Erbakan Hoca ve İttihatçılığın Çöküşü -I-

Abone Ol

Siyasal hayatımıza egemen olan, bütün alanlarıyla

kuşatan, masonik ve kavmi bir örgüt olan ittihatçılık, Osmanlı Devleti nin

dağıtılması, çökmesi ve yerine inşa edilen Türkiye Cumhuriyeti nin özünü ve

ruhunu oluşturuyor. Yapı bunun üzerine kurulduğundan, milletimiz üzerinde

jakoben/dayatmacı, baskıcı ve bunaltıcı süreç on yıllar sürdü. Eğitimden

kültüre, günlük yaşayıştan genel bakışa kadar korkunç bir baskı oluşturdu.
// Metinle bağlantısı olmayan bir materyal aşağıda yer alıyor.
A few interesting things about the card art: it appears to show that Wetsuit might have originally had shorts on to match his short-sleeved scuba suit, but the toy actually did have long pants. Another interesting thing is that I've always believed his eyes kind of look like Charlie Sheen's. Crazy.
Bilim adamları, sanatçılar, şair ve yazarlar, siyasada var olabilecek insanlar,

kimi askerler hayatın dışında kaldılar, bırakıldılar.

Siyasal yapı da bunun üzerine kuruldu. Türkçü, laik,

jakoben Yöneticileri de bu ruhun birer örneği olarak kalmak durumundaydılar.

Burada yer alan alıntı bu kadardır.